Last year at the MIE f2f workshop in Auckland I was given a Micro-bit. When I got home I had a play. I then gave it to my 9 year old to play with and teach me.  The coding is quite simple. It is all colour coded and step by step. This little Microbit was a way to introduce coding to the class at an ability level I could cope with. We are framing our learning around the UN Sustainability Goals. I found a board game that students could play and instead of just giving them the dice I realised I could have them create the device through coding the Micro-bit.

It has been interesting talking to teachers and one question that popped up, 'why not just give them a real dice?" I could have given the students a 'real' dice but this was the perfect place to create an opportunity for learning code. The start of integrating some computational thinking and the digital curriculum. It involved students problem solving such as when the dice stopped changing numbers when shaken. 

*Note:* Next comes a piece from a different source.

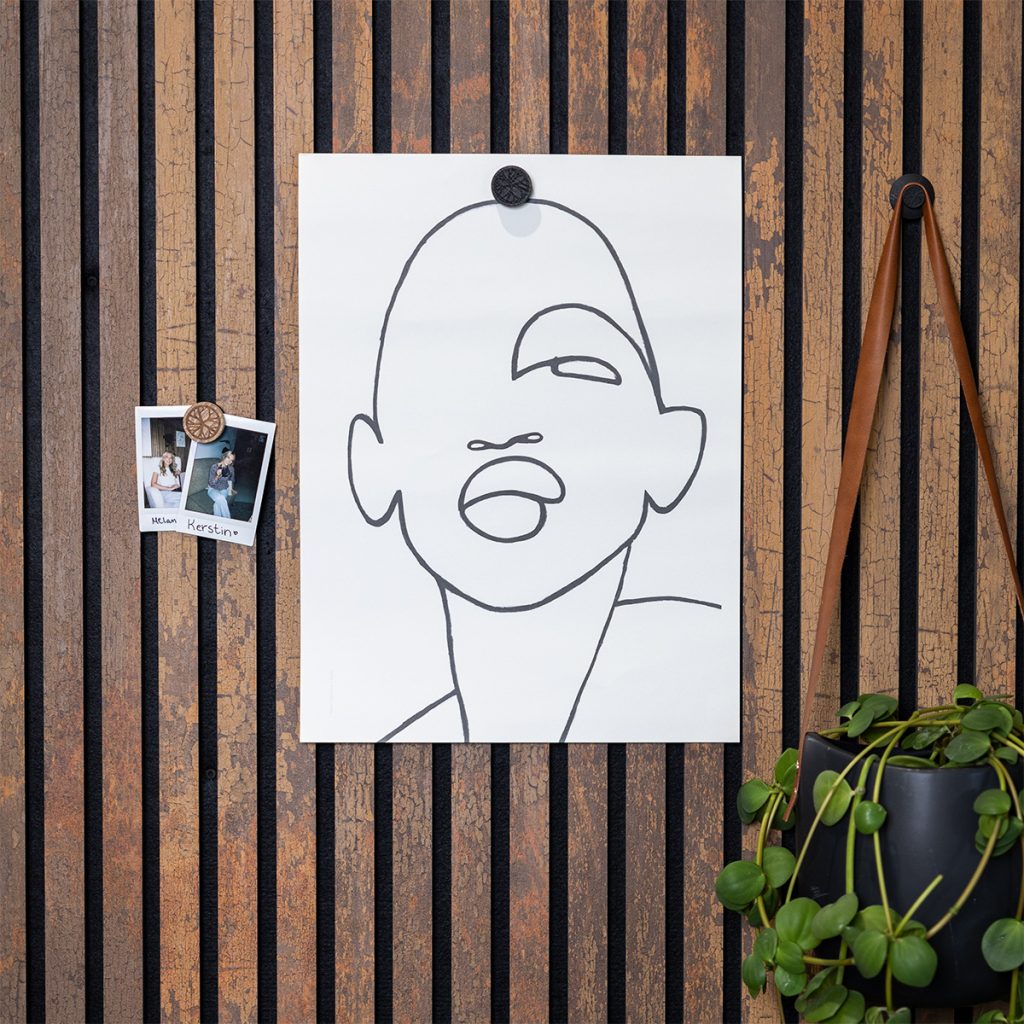 Afbeelding 2 van 7 in Poster Magneet galerij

Another question was around the 'sustainability' of using a microbit over a 'real' dice. This is a little tricker due to batteries, plastic etc. I think here it is about providing the students with skills and in the future they can apply this skills to solve some of these issues created by a lack of sustainability. The Microbit is a tool that can be used over and over in a variety of ways- giving it a long life, longer than other materials used in teaching.

A light bulb moment: I had one student who said he couldn't code and I should get someone else - his opinion was transformed and his confidence in coding dramatically improved in 6 minutes. 6 minutes was all it took to download the app, follow the tutorial, code the microbit and download and change a students approach to their own learning.

Overall, it was a brilliant learning for the students and myself.